BRUCE MCCABE: Preventative. Proactive. Yeah.
BEN OAKES: But we have to start to—you know, up until now we haven't had drugs that allow us to do that in the same way, and it really will require a real mindset shift from a medical professional, from a research professional, from a patient. It's not, “Oh, I'm 20 years old, or I'm 30 years old, I don't need to worry about anything.” It's like “No, if you don't get certain things under control now, by the time you're 60, you know your, your risk for X, Y or Z is going to be quintupled and there's nothing you can do about it because it's all about lifetime exposure to certain things.
BRUCE MCCABE: Ben, you look to me like an optimist. I feel so optimistic when I talk about this stuff.

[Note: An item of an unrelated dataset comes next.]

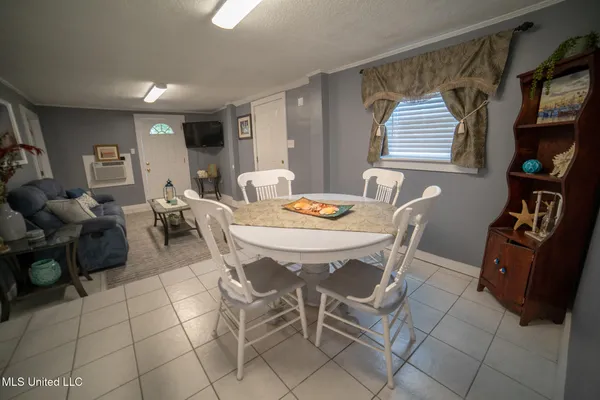 $399,000 | 10954 Old Highway 67, D'Iberville, MS 39540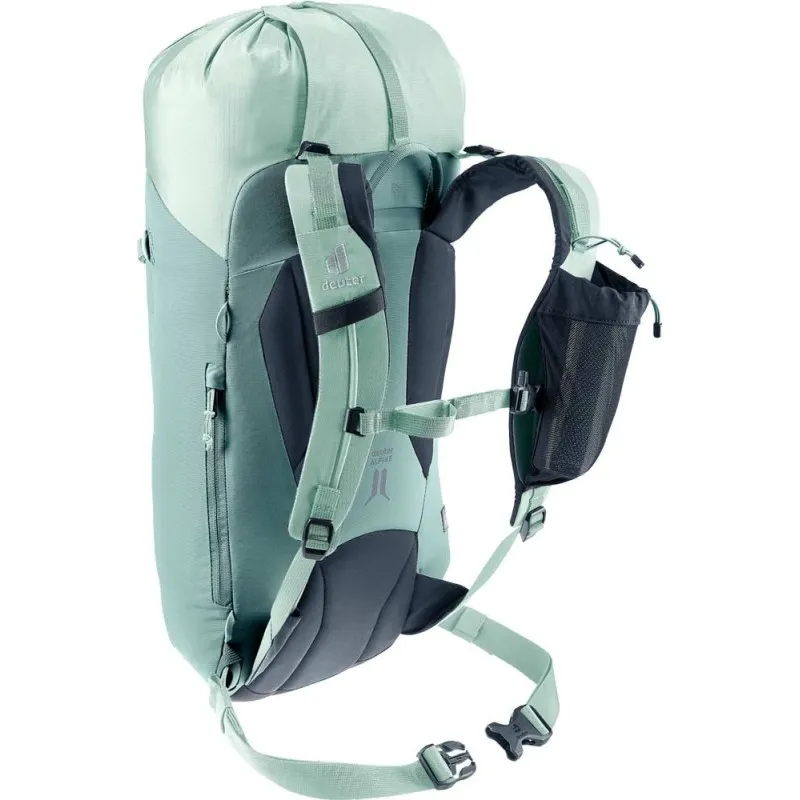 Deuter Guide 22 SL donna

BEN OAKES: We are quite optimistic, but I would say very realistic as well, and that really comes down to our engineering approaches and trying to build the tools we actually need.
BRUCE MCCABE:
Well, this truly to me one of those absolute frontiers of medicine, and it's a really really expansive frontier. It could change so much. So very exciting to learn more about it and to travel a little bit along those pathways with you.
BEN OAKES: Yeah, likewise, I look forward to continuing to catch up.

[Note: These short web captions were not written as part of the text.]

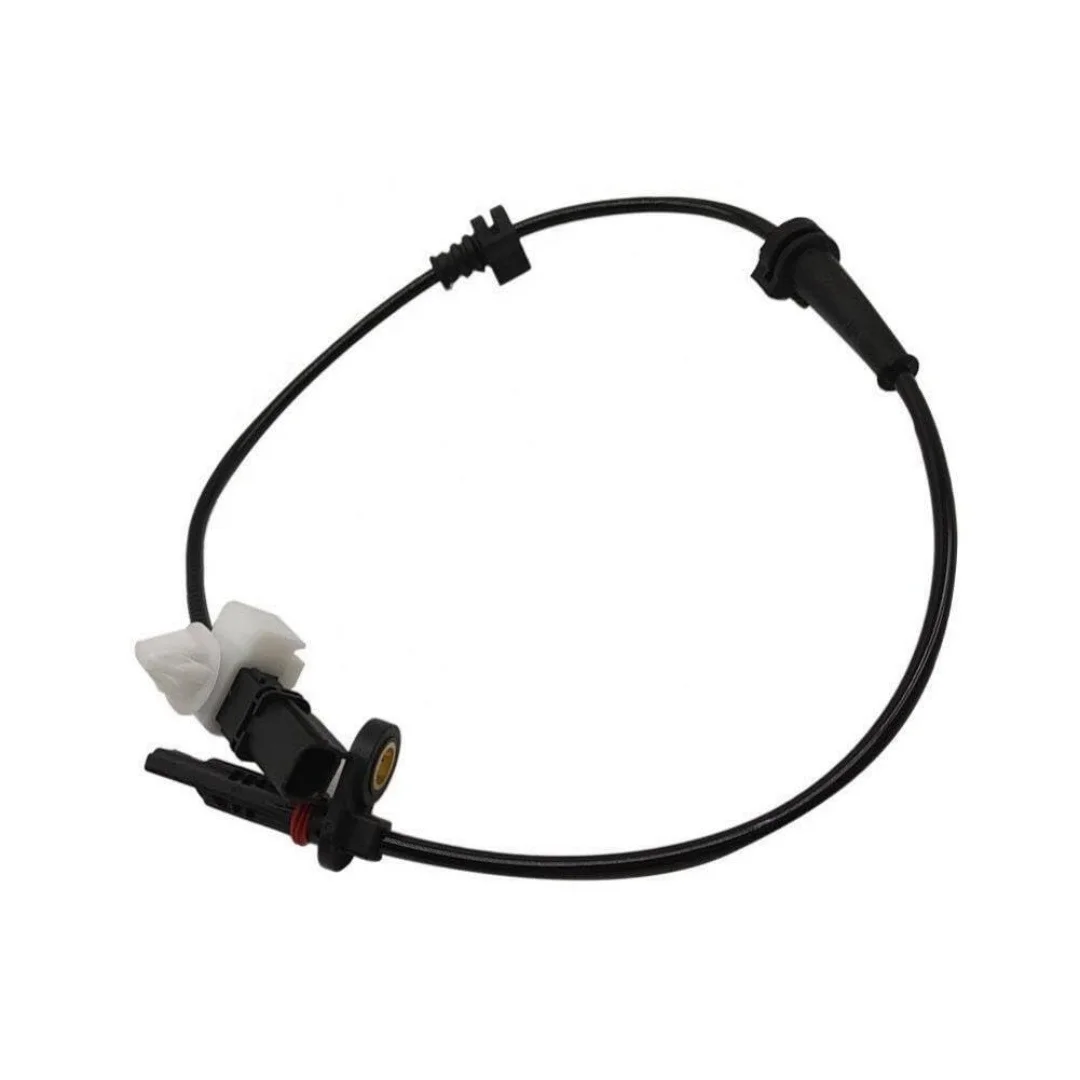 abs-wheel-speed-sensor-honda-57470-tl1-g01-57470tl1g01-57470-ta0-a02-2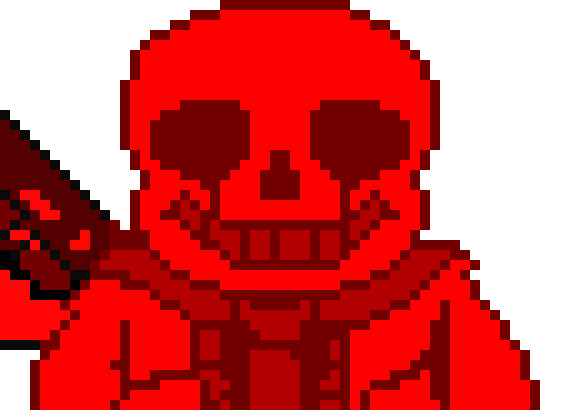 [53a360] you never did clear the hell portals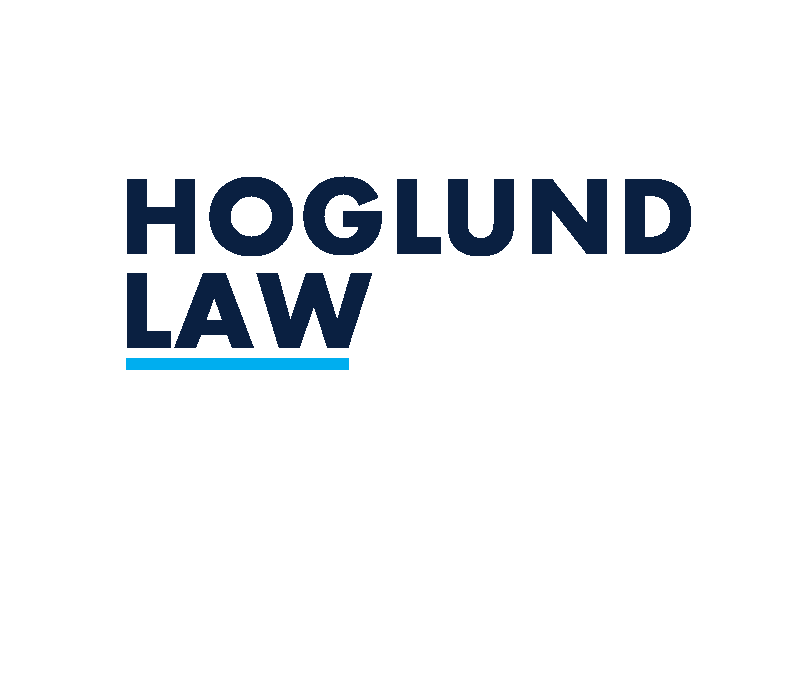 Photo of Hoglund Law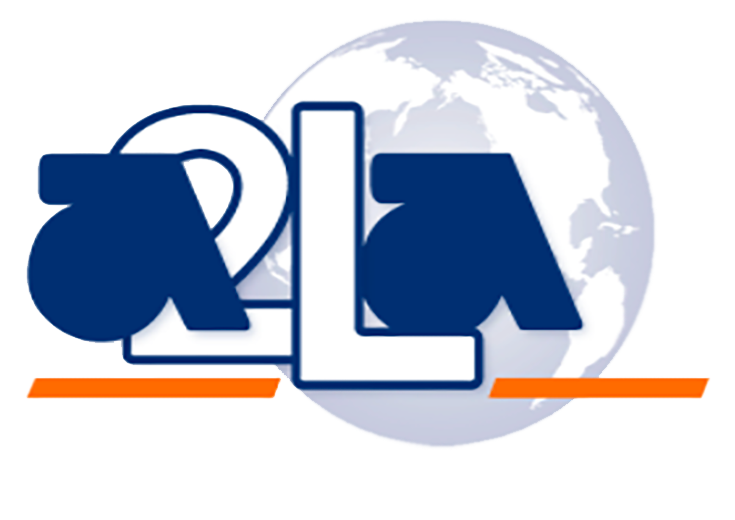Resolve Forensics-A2LA Forensic DNA Lab Accreditation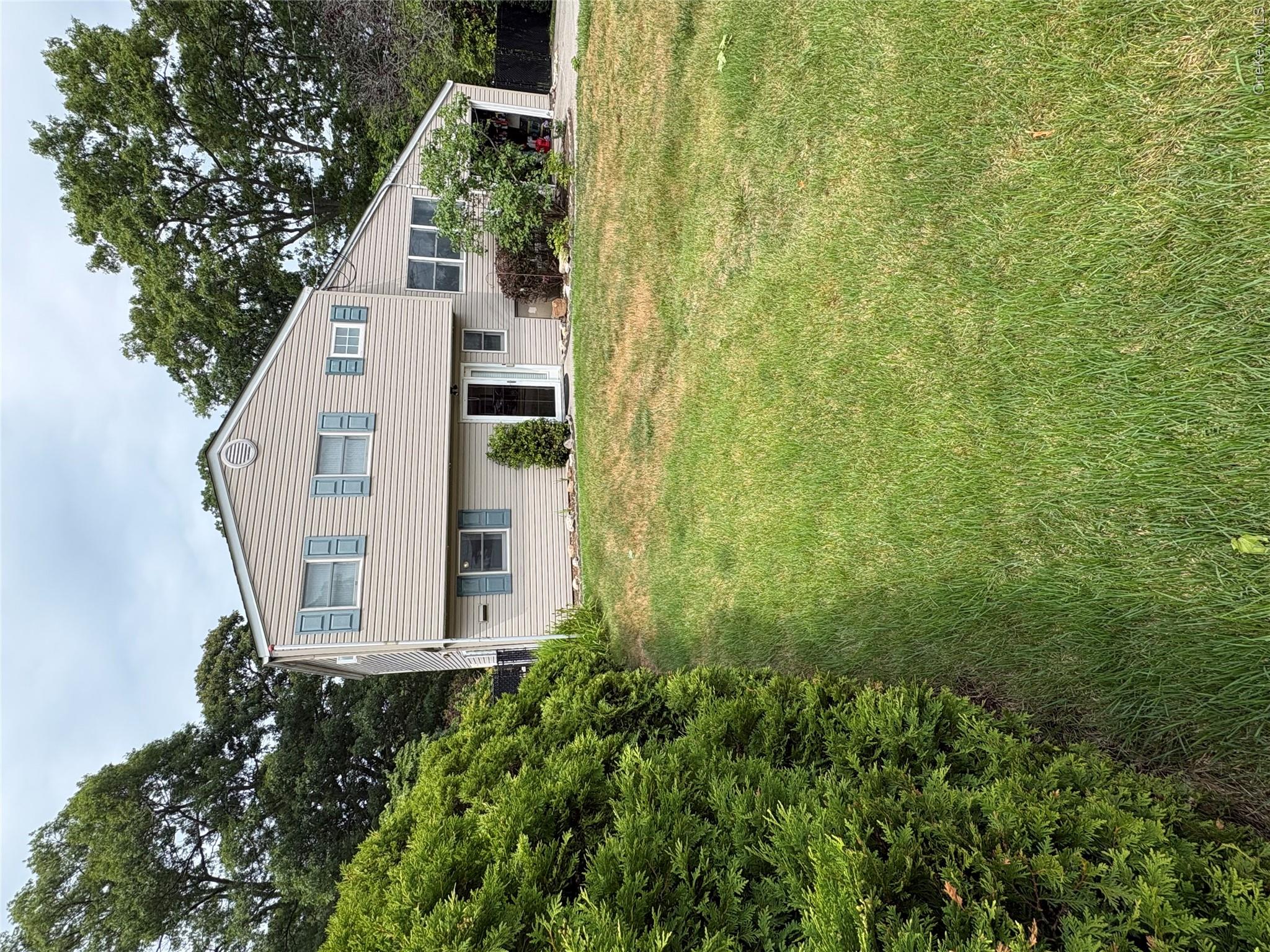 19 Estates Lane Property Photo 32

BRUCE MCCABE: I look forward to watching developments in the next five years. I'll be watching very closely and with the timelines I have in my head, you can usually add about 10 years from those sorts of things to clinic, so it's not completely out there, we're going to be seeing therapies arrive in the clinic in that sort of timeframe, right? That's the sort of thing we can expect, 10 to 15 years from now? And we can look forward to that.
BEN OAKES: Exactly
BRUCE MCCABE: Yeah, that's brilliant.
BRUCE MCCABE: Thank you so much for joining us, Dr Ben Oakes. It's been very exciting for me. I really appreciate you making the time.
BEN OAKES: Likewise Bruce. I appreciate the conversation and the invitation, so thank you.